# Mum & Son ...apart or ok???



## wooliewoo (May 27, 2008)

We are looking after 1 of our pups for a few weeks and all going well apart from that mum has started bleeding today. 
Pup is 5 months and its been like he never left as we have his sister too. Mum enjoys playing etc with pups but i dont know if i should keep apart or only let play supervised etc.:huh:

He's a baby but he is a Man!!!!!!:wink::blush:


----------



## mitch4 (Oct 31, 2009)

Ooooo Id er on the side of caution and keep seperated unless you are actually in the vacinity with them :smile5:


----------



## sullivan (Aug 29, 2008)

i WOULDNT IMAGINE AT THAT AGE THAT HE WOULD BE CAPABLE OF MATING WITH YOUR GIRL.BUT MAY BE BETTER TO KEEP THEM APART, i WOULD IMAGINE ALL HE WANTS TO DO IS PLAY. iF YOUR WORRIED AS YOU SAID YOU COULD SUPERVISE OR JUST LET HIM AND HIS SISTER PLAY.


----------



## wooliewoo (May 27, 2008)

mmmmm i think i will watch at all times when together. Its usually mornings that mum cry's to get to pups and say hi. I can pretty much keep them apart most of the day after that.

Thanks for advice


----------



## luvmydogs (Dec 30, 2009)

KEEP THEM APART I know of a dog sireing 8 puppies at 5 months old!!!!!!!!!!!


----------



## Freyja (Jun 28, 2008)

I too have heard of a 5 month old pup siring a litter of pups. Keep them seperate. If you want her to play with her son then you could try a pair of season knickers they wont stop him getting the scent but it may deterr him if he gets any ideas. Even then I would not leave him with her unsupervised.
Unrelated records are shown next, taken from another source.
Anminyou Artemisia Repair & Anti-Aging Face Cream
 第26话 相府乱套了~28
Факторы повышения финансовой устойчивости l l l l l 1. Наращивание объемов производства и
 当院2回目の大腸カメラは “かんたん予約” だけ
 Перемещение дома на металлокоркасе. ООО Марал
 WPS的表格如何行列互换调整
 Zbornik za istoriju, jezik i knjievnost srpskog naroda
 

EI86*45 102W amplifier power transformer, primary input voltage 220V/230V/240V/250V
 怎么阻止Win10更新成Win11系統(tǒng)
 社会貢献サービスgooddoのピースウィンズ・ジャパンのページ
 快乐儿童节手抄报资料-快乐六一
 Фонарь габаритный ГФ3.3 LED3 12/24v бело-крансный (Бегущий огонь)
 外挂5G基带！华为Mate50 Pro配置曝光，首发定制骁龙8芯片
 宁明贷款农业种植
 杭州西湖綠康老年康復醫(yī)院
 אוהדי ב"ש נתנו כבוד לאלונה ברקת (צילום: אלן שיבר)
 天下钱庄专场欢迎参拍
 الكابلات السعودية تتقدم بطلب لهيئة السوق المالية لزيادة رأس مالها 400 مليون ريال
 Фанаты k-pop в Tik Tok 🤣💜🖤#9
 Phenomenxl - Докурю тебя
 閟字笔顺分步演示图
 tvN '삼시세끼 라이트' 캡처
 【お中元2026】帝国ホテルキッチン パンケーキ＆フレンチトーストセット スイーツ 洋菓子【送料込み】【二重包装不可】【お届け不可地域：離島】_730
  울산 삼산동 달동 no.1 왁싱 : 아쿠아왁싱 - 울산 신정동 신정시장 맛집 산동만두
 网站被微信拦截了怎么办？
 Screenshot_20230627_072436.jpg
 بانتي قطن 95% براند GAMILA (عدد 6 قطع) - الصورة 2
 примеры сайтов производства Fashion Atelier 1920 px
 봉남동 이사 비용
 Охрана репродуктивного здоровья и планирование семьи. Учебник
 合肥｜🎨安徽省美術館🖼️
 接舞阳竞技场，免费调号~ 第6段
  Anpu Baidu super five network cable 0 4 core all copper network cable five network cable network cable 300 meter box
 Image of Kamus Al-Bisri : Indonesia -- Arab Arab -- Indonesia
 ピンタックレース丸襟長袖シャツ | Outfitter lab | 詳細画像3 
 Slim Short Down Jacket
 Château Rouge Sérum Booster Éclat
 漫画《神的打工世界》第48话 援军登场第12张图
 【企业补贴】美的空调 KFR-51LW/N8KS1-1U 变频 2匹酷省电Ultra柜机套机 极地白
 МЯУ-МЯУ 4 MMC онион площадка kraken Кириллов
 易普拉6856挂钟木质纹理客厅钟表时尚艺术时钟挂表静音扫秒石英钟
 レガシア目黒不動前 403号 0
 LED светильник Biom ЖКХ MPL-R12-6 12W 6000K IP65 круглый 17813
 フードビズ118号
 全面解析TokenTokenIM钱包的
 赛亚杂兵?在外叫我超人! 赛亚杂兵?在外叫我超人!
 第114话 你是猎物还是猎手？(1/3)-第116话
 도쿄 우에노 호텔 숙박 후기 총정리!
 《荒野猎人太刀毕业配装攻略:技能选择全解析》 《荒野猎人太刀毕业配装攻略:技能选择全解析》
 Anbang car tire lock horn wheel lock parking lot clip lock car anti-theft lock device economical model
I can allow Button to go into the garden with William as he's to stupid to figure out what he's supposed to do when she has knickers on when she's already been to the toilet but I wouldn't leave her with any of the male whippets as they would just rip them off.


----------



## wooliewoo (May 27, 2008)

Well they had 5 mins play today while i was with them. All ok at the mo but she is bleeding so maybe the strong scent isnt quite there yet as he just jumped at her head like always

I just hope she doesnt see him as male and try to get into him when shes at her "best"............oh i knew there was a reason i dont keep both sex's lol

I have informed kids and hubby they are not to be left together at all to avoid any issues


----------



## fluffybunny2001 (Feb 8, 2008)

at my old job one of the cockers came into season when her pups
were nearly 5 months old,the boy she kept mated his mum!!mismate was given just to clarify,so yeah keep them apart


----------



## Jo P (Dec 10, 2007)

Deffo apart


----------



## rocco33 (Dec 27, 2009)

Definately keep them apart as he is quite capable of siring a litter at that age. I would also add that it is probably unfair on him too. Many dog's behaviour around bitches has been ruined by early interactons with an in season bitch and it could end up making him a pest around bitches in the future.


----------



## RachyBobs (Oct 18, 2009)

I was in the same situation with my pups brother and mum. He had gone to his new home, but the lady who bought him is my mums best friend. He comes up everyday and shes just come out of season now, he did try have a sniff and we new straight away - height wise, they are quite far apart.. good look to him trying but I kept an eye - wasnt worried 5 months isnt a age the can mate succesfully anyway but just keep your eyes on them x


----------



## wooliewoo (May 27, 2008)

Thanks......at the moment theres no interest what so ever but she only day 3 he is due to go back next week and shes at peak usually 15 days so hopefully he will be gone before she ready to tease


----------